Exercise directions |
Output only the stretch of the listing that starts at the line containing "When your livelihood" and ends at the line containing "And for your", reproduced exactly with both ends.

Input material |

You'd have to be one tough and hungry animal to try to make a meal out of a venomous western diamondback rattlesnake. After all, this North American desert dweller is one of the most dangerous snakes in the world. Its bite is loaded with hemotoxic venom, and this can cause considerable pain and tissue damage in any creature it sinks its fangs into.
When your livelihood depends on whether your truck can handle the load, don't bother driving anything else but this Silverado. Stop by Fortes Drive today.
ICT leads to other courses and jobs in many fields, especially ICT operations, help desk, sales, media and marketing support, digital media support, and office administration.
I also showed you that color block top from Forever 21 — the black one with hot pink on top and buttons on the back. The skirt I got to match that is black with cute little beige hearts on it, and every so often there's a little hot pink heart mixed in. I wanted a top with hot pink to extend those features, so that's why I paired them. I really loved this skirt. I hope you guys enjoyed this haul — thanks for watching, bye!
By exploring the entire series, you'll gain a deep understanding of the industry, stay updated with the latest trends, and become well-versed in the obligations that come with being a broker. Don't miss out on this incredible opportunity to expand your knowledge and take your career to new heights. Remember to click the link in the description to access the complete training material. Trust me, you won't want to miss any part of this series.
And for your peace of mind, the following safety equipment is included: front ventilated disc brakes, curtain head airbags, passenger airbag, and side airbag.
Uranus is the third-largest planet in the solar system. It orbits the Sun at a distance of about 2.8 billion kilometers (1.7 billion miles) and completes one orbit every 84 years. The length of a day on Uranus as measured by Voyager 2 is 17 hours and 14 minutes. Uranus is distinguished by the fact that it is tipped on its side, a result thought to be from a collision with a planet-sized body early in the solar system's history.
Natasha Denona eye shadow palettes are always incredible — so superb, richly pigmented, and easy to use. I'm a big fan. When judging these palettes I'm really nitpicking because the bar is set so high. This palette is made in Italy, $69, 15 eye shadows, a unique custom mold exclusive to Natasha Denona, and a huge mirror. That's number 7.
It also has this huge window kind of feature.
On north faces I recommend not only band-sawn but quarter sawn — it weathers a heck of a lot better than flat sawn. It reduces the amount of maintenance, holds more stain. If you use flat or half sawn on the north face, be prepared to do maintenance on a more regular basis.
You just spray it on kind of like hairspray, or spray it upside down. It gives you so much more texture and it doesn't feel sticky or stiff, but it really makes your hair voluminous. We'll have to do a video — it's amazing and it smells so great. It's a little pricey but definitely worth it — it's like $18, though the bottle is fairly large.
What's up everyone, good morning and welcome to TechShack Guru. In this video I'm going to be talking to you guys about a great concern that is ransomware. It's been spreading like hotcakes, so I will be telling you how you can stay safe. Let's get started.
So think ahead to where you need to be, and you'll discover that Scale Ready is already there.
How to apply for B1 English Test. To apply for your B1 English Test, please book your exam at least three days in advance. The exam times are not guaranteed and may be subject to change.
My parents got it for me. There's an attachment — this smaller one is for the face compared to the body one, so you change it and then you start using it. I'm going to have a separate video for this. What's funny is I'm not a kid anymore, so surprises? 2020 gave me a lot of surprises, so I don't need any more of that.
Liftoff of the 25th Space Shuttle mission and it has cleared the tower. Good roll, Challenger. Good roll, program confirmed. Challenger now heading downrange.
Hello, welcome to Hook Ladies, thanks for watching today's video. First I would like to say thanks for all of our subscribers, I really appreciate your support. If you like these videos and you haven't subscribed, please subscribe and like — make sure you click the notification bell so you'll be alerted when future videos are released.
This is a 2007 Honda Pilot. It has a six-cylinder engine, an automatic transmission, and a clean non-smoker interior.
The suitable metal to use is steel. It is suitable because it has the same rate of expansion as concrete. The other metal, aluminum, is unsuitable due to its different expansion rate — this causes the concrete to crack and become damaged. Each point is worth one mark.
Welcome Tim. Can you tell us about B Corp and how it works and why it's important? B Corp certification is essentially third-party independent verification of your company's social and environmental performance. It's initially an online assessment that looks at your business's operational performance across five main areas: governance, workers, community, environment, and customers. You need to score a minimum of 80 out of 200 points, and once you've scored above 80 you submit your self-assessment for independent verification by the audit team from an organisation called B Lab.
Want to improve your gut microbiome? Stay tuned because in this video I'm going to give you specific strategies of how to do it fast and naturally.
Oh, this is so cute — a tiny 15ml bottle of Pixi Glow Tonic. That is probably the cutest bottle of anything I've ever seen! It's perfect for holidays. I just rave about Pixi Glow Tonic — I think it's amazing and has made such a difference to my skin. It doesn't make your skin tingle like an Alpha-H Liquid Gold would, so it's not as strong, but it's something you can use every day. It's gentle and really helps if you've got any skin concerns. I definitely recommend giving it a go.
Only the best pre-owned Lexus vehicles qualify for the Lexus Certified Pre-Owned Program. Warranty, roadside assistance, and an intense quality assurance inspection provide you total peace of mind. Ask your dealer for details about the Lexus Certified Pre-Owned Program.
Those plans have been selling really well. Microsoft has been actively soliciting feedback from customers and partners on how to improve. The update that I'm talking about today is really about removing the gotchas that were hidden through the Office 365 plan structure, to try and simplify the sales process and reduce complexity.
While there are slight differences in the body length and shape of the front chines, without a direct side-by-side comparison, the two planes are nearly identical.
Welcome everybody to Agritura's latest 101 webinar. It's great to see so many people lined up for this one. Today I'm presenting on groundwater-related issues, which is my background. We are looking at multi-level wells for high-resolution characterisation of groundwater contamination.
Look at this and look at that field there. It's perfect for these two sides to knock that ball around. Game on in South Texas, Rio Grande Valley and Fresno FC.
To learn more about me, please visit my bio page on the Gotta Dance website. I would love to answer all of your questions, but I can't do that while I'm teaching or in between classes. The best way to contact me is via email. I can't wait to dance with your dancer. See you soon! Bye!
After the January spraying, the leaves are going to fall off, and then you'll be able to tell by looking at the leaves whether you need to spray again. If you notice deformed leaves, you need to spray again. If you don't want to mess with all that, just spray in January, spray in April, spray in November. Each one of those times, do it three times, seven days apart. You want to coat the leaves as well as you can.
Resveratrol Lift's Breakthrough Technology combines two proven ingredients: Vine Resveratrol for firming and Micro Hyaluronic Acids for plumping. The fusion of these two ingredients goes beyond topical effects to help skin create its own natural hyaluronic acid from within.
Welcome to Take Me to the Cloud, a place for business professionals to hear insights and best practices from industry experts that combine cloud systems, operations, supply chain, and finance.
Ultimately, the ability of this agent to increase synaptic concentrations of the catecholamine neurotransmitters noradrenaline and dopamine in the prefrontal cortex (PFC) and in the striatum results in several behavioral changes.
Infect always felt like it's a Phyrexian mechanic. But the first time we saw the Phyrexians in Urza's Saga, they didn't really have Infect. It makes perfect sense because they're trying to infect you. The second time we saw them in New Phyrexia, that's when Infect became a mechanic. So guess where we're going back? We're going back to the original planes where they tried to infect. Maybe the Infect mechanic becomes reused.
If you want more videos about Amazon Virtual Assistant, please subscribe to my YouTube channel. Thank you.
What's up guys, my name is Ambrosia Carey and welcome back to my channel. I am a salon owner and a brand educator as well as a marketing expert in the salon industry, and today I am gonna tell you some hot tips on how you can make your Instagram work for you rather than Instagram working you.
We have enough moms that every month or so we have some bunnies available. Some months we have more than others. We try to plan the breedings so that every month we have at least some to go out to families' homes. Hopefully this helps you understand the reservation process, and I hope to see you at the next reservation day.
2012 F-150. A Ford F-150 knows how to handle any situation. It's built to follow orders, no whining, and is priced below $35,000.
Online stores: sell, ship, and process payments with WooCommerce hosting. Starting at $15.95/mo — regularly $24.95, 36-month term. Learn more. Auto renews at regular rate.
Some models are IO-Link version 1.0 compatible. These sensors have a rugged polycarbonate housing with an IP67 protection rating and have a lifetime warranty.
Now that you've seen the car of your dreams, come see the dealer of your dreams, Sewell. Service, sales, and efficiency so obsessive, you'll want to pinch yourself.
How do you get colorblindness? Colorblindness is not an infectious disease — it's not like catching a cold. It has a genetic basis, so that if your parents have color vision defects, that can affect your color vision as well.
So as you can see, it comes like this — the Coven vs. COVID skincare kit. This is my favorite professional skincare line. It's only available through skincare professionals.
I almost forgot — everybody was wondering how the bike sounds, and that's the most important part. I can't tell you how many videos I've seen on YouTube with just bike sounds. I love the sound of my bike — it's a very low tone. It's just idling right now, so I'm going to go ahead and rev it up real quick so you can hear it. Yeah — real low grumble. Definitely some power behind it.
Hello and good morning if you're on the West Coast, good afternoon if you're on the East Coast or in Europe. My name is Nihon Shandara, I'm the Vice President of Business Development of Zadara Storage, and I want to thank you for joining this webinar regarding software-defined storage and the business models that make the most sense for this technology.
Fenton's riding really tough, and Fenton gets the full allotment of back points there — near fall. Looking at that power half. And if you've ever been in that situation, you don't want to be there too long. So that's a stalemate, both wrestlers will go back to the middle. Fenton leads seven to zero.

Solution to this task |
When your livelihood depends on whether your truck can handle the load, don't bother driving anything else but this Silverado. Stop by Fortes Drive today.
ICT leads to other courses and jobs in many fields, especially ICT operations, help desk, sales, media and marketing support, digital media support, and office administration.
I also showed you that color block top from Forever 21 — the black one with hot pink on top and buttons on the back. The skirt I got to match that is black with cute little beige hearts on it, and every so often there's a little hot pink heart mixed in. I wanted a top with hot pink to extend those features, so that's why I paired them. I really loved this skirt. I hope you guys enjoyed this haul — thanks for watching, bye!
By exploring the entire series, you'll gain a deep understanding of the industry, stay updated with the latest trends, and become well-versed in the obligations that come with being a broker. Don't miss out on this incredible opportunity to expand your knowledge and take your career to new heights. Remember to click the link in the description to access the complete training material. Trust me, you won't want to miss any part of this series.
And for your peace of mind, the following safety equipment is included: front ventilated disc brakes, curtain head airbags, passenger airbag, and side airbag.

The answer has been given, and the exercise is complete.